Massiver Bauernprotest an Indiens Festtag

26. Januar 2021

Zusammenstöße zwischen Landwirten und der Polizei haben die Parade zum indischen Nationalfeiertag überschattet. Hintergrund ist eine geplante Agrarreform.

Bauer in Indien stürmen von der Polizei errichtete Barrikaden, mit Schilden und Helmen ausgerüstete Sicherheitskräfte weichen vor den Angreifern zurück
Die Kraft der Wut: Sicherheitskräfte versuchten vergeblich, die Bauern mit Barrikaden aufzuhaltenBild: Imtiyaz Khan/AA/picture alliance

Tausende Bauern durchbrachen mit ihren Traktoren Polizeibarrikaden vor den Toren Neu Delhis. Die Polizei setzte Tränengas und Schlagstöcke gegen die Demonstranten ein. Mehrere Menschen wurden verletzt. Laut Zeugen wurde ein Protestteilnehmer erschossen. Die Behörden widersprachen dieser Darstellung und teilten mit, der Mann sei von einem umstürzenden Traktor getroffen worden.

Auf die Barrikaden: Bauern am Roten Fort, das am Rande der Altadt von Delhi liegtBild: Sajjad Hussain/AFP/Getty Images

Unter anderem stürmte die Menge das Rote Fort, eine historische Palastanlage. Einigen Landwirten gelang es, auf eine wichtige Straßenkreuzung in der indischen Hauptstadt zu fahren - ganz in der Nähe einer Tribüne, von der aus Premierminister Narendra Modi die Militärparade zum Nationalfeiertag verfolgte.
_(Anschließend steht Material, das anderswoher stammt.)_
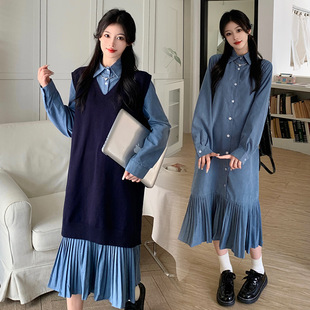 chubby girl Autumn and Winter Long Knitted Vest Shirt dress Autumn and Winter plus size Age-reducing College Style Two-piece Dress Women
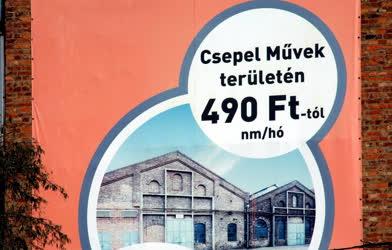 Tárgy - Budapest - Kiadó gyárépületek reklámtáblája Csepelen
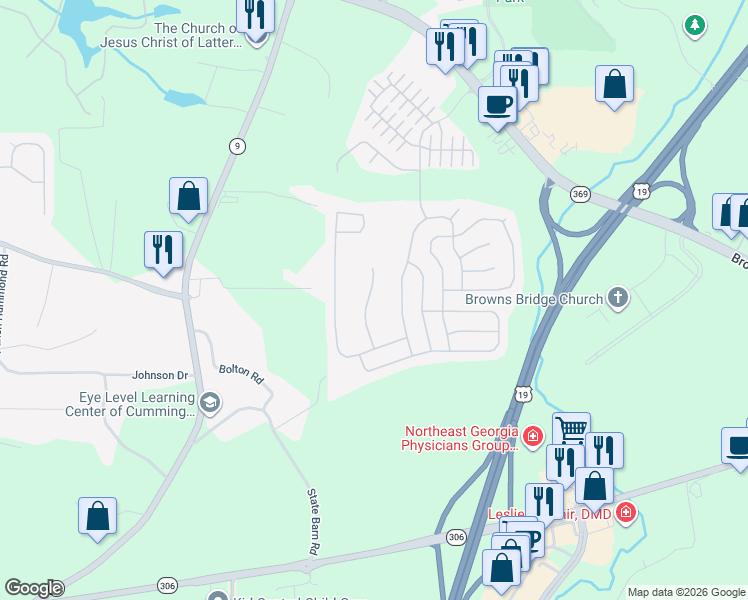 map of restaurants, bars, coffee shops, grocery stores, and more near 4420 Ambassador Way in Cumming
Viele Demonstranten schwenkten dabei die Nationalflagge. Unterstützung erhielten sie von Anwohnern, die den Landwirten zujubelten oder Blütenblätter von den Dächern ihrer Häuser warfen. Sicherheitskräfte brachten Modi zu seiner Residenz zurück, bevor es zu einer direkten Konfrontation mit den Landwirten kommen konnte.

Vor den Toren in Stellung gebracht

Am Montag hatten sich mehr als 10.000 Bauern vor den Toren Neu Delhis in Stellung gebracht. Die Behörden in der Hauptstadt gestatteten den Protest unter der Bedingung, dass die eigentliche Kundgebung erst nach der Militärparade an diesem Dienstag beginnen dürfe. Schon seit November formiert sich unter indischen Landwirten Widerstand gegen eine von Modi geplante Agrarreform, die aus Sicht der Kritiker eine zunehmende Dominanz von Großunternehmen in der Landwirtschaft zur Folge hätte.

Auf dem Rücken von Kamelen: Parade zum Nationalfeiertag in Neu DelhiBild: Jewel Samad/AFP/Getty Images

Bisher wurde Getreide auf staatlich organisierten Großmärkten zu garantierten Mindestpreisen gehandelt. Nach der Reform sollen die Bauern ihre Ware ohne Zwischenhändler auch direkt an Privatfirmen verkaufen können. Die Regierung argumentiert, die Erzeuger könnten so höhere Gewinne erzielen. Landwirte fürchten dagegen einen Preisverfall, da sie bei Verhandlungen mit Agrarkonzernen in einer schwächeren Position wären.

Landwirtschaft als Lebensgrundlage: Bauernprotest nahe Neu DelhiBild: Anushree Fadnavis/REUTERS

Viele Bauern in Indien sind in wirtschaftlichen Schwierigkeiten. Zwar steuert die Landwirtschaft nur noch rund 15 Prozent zur Wirtschaftsleistung des Landes mit seinen 1,3 Milliarden Einwohnern bei. Sie bildet aber die Lebensgrundlage für etwa 60 Prozent der Erwerbstätigen. Bei Verhandlungen zwischen der Regierung und Bauernvertretern konnte bislang keine Einigung erzielt werden.

Hammer und Sichel: Auch in Mumbai gingen - wie hier am Montag - scharenweise Menschen auf die StraßeBild: Ashish Vaishnav/SOPA Images/picture alliance

In einer Twitter-Botschaft anlässlich des Nationalfeiertags äußerte sich Modi nicht zu den Protesten, die auch in Mumbai und Bangalore stattfanden. In Indien wird am 26. Januar das Inkrafttreten der indischen Verfassung nach der Unabhängigkeit von Großbritannien im Jahr 1950 gefeiert.